TASK TO CARRY OUT
The copy must hold every line from the one with "D? d'infinito. Volume" through the end of the listing, word for word, and must hold no pictures.

WORKING DATA
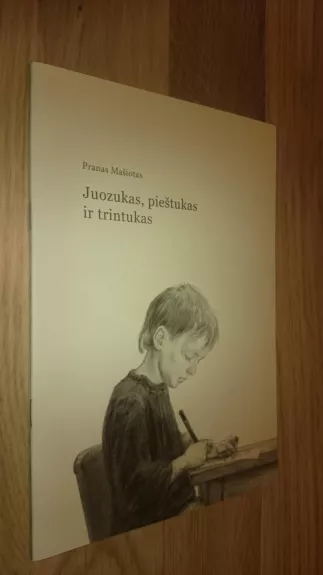 Juozukas, pieštukas ir trintukas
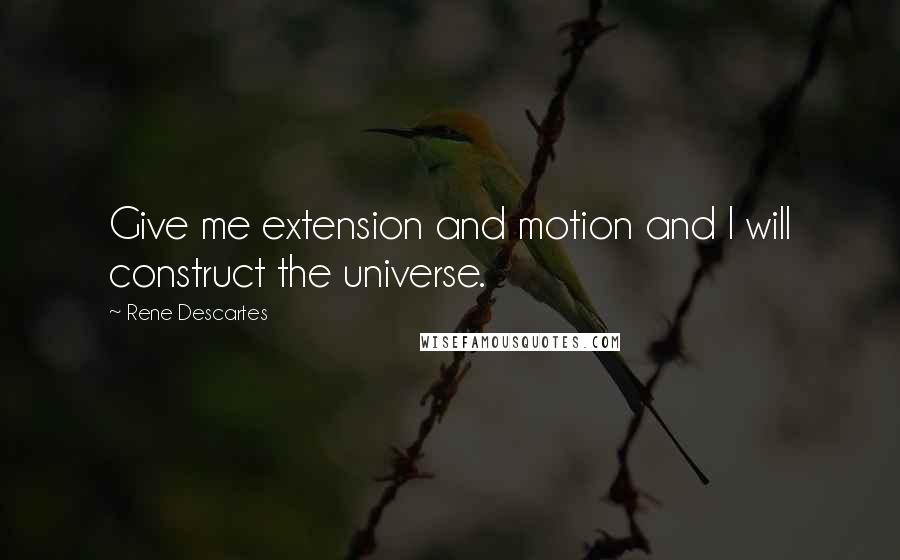 Rene Descartes Quotes: Give me extension and motion and I will construct the universe.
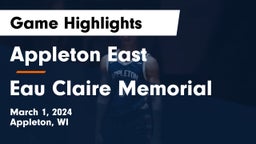 Appleton East  vs Eau Claire Memorial  Game Highlights - March 1, 2024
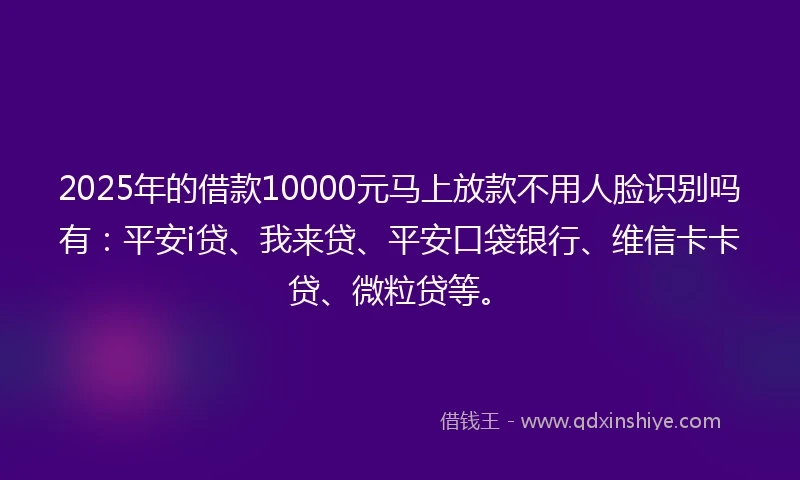 2025年的借款10000元马上放款不用人脸识别吗有：平安i贷、我来贷、平安口袋银行、维信卡卡贷、微粒贷等。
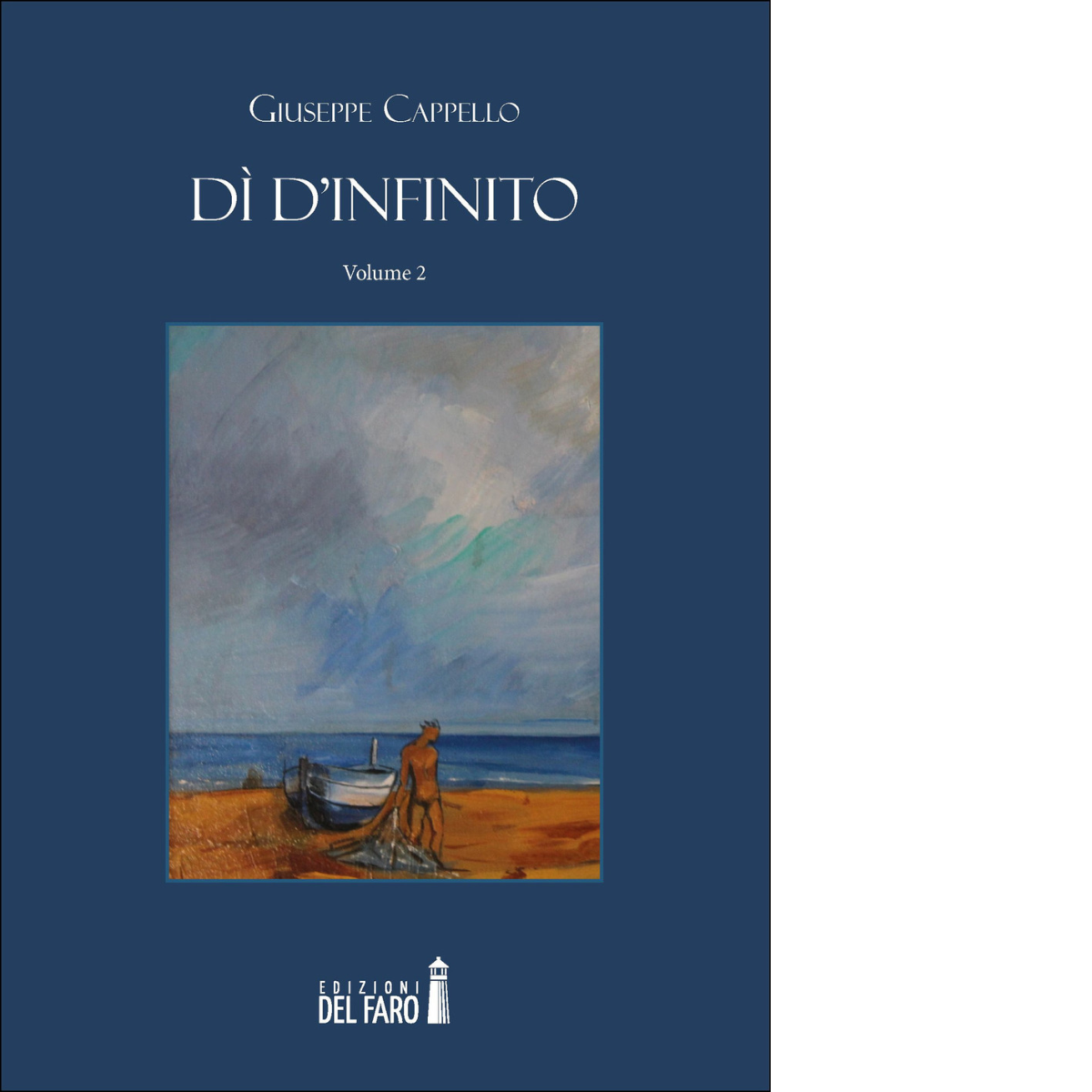 D? d'infinito. Volume 2 di Cappello Giuseppe - Edizioni Del Faro, 2021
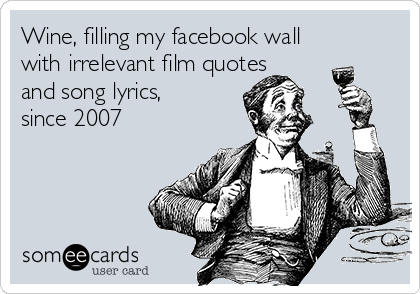 Wine, filling my facebook wall
with irrelevant film quotes
and song lyrics,
since 2007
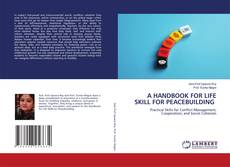 Portada del libro de A HANDBOOK FOR LIFE SKILL FOR PEACEBUILDING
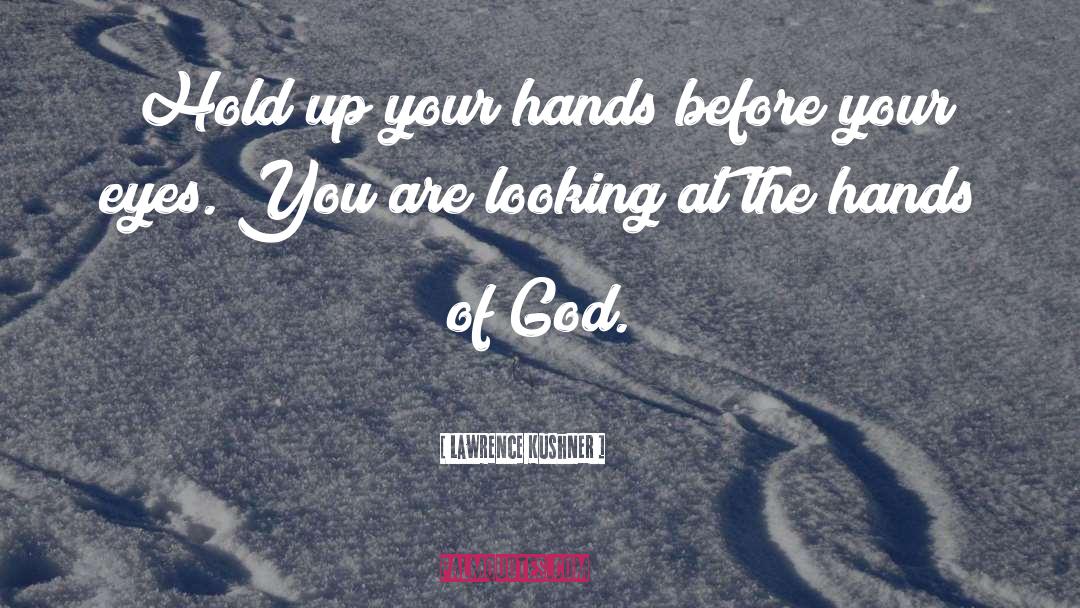Lawrence Kushner Quotes: Hold up your hands before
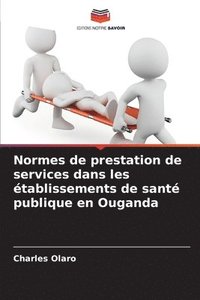 bokomslag Normes de prestation de services dans les tablissements de sant publique en Ouganda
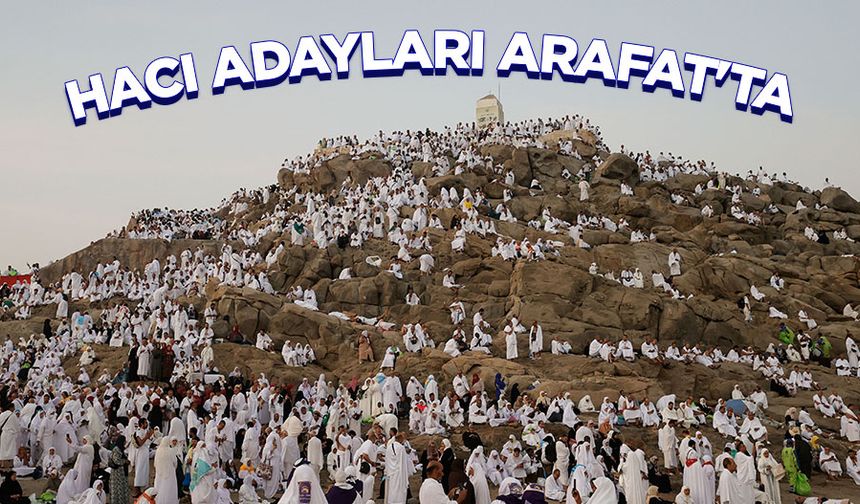 Arafat'ta hacı adayı yoğunluğu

RESPONSE
 D? d'infinito. Volume 2 di Cappello Giuseppe - Edizioni Del Faro, 2021
 Wine, filling my facebook wall
with irrelevant film quotes
and song lyrics,
since 2007
 Portada del libro de A HANDBOOK FOR LIFE SKILL FOR PEACEBUILDING
Lawrence Kushner Quotes: Hold up your hands before
 bokomslag Normes de prestation de services dans les tablissements de sant publique en Ouganda
 Arafat'ta hacı adayı yoğunluğu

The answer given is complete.